§ **Problem details**
Return the data below in full and exactly, except that the pictures are dropped.

§ **Exercise data**
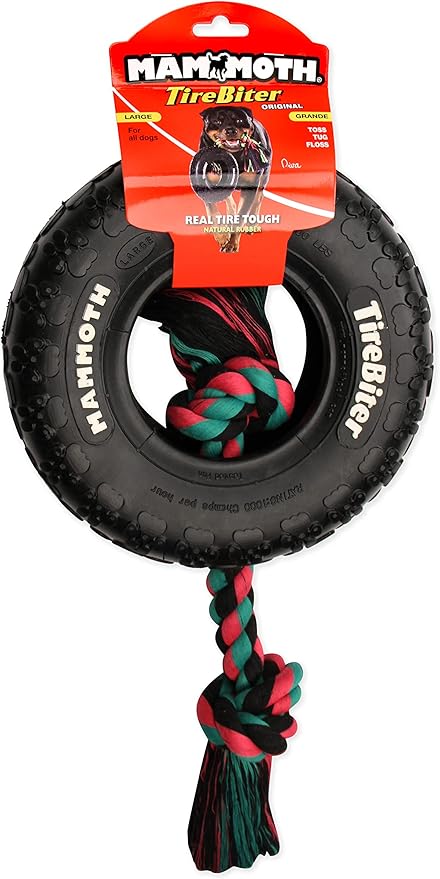 Mammoth TireBiter Originals with Cotton-Poly Rope – Natural Rubber Dog Toys – Dog Toys for Extra Long Interactive Play – Strong Chewer Toys for All Dog Breeds - Large, 10”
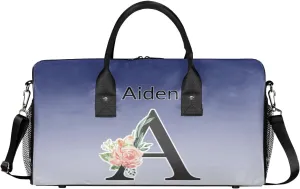 Personalized Initial Sports Duffel Bags, Custom Travel Overnight Weekender Bag for Women Men, Cobalt Blue Gradient Custom Gym Bags Dance Cheer Bag Monogrammed Personalized Gifts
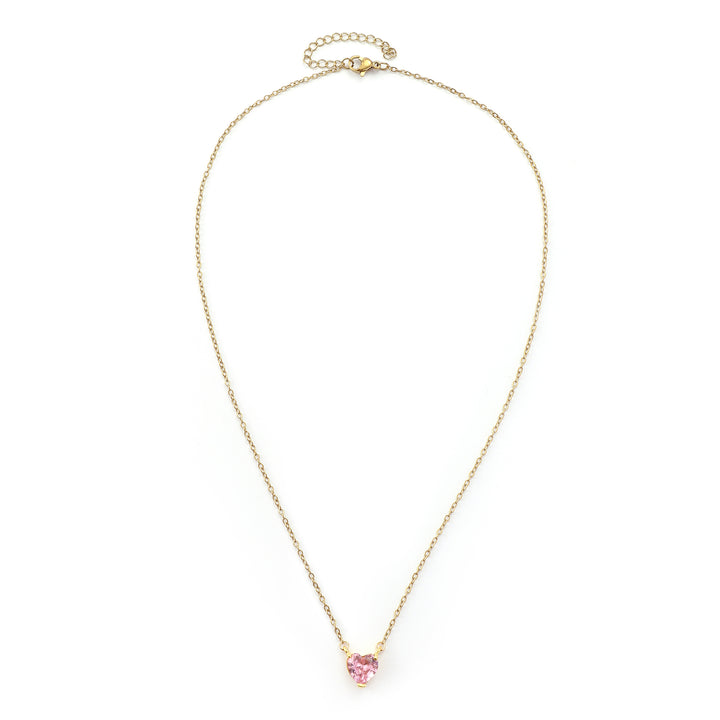 Pink Heart Dainty Necklace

§ **Answer below**
 Mammoth TireBiter Originals with Cotton-Poly Rope – Natural Rubber Dog Toys – Dog Toys for Extra Long Interactive Play – Strong Chewer Toys for All Dog Breeds - Large, 10”
 Personalized Initial Sports Duffel Bags, Custom Travel Overnight Weekender Bag for Women Men, Cobalt Blue Gradient Custom Gym Bags Dance Cheer Bag Monogrammed Personalized Gifts
 Pink Heart Dainty Necklace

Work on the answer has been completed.